- Directed by: Ryan Piers Williams
- Written by: Ryan Piers Williams
- Produced by: Heather Rae
- Starring: Ryan O'Nan America Ferrera Wilmer Valderrama Jason Ritter Melissa Leo
- Cinematography: Gavin Kelly
- Edited by: Sabine Hoffman
- Music by: Dean Parks
- Distributed by: Maya Entertainment Freestyle Releasing
- Release dates: January 24, 2010 (Sundance); July 30, 2010 (United States);
- Running time: 92 minutes
- Country: United States
- Language: English
- Box office: $11,777

= The Dry Land =

American drama film

The Dry Land (also known as American Tragic) is a 2010 American drama film written and directed by Ryan Piers Williams. The film stars Ryan O’Nan, America Ferrera, Wilmer Valderrama, Jason Ritter, and Melissa Leo. It premiered at the 2010 Sundance Film Festival and opened in limited release on July 30, 2010.

==Plot==

James returns from Iraq to face a new battle readjusting to small-town life in Texas. His wife, his mother, and his friend provide support, but they cannot fully understand the pain and suffering he feels since his tour of duty ended. Lonely, James reconnects with an army buddy, Raymond, who provides him with compassion and friendship during his battle to process his experiences in Iraq.
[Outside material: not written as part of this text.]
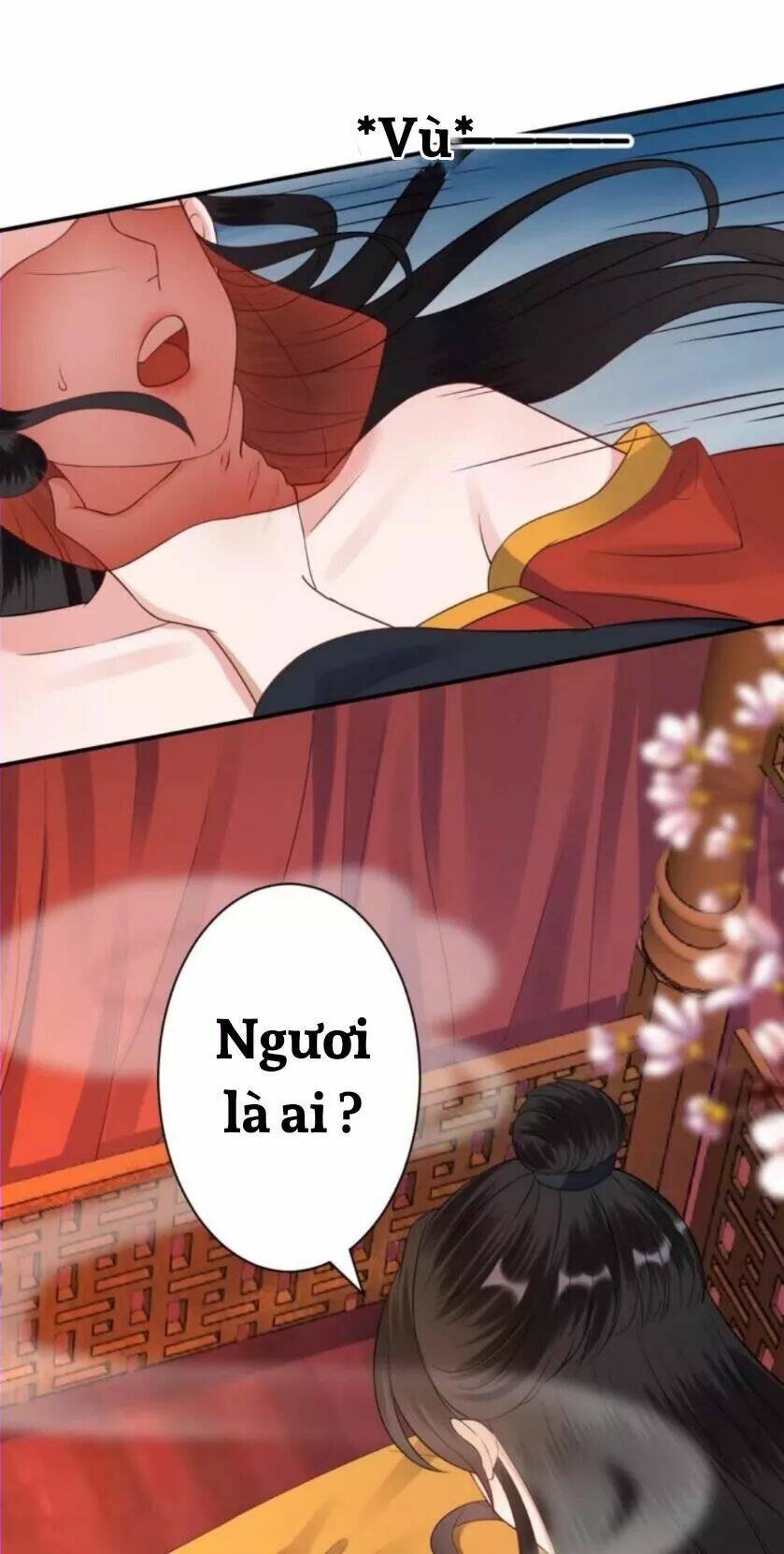 theo đuổi hoàng tử quá khó a~ chapter 87 5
But their reunion also exposes the different ways that war affects people, at least on the surface.

==Reception==
On review aggregator Rotten Tomatoes, 67% of 24 critics gave the film a positive review, with a rating average of 5.52/10.
Metacritic, which uses a weighted average, assigned the film a score of 47 out of 100, based on 10 critics, indicating "mixed or average" reviews.

Entertainment Weekly gave the film a "B" grade and praised Ryan O'Nan's "quietly riveting performance as an Iraq-war veteran who comes undone after he returns home to dusty Texas (the filmmaker's home turf)".

The film received Imagen Awards nominations for best feature film and for America Ferrera as best actress.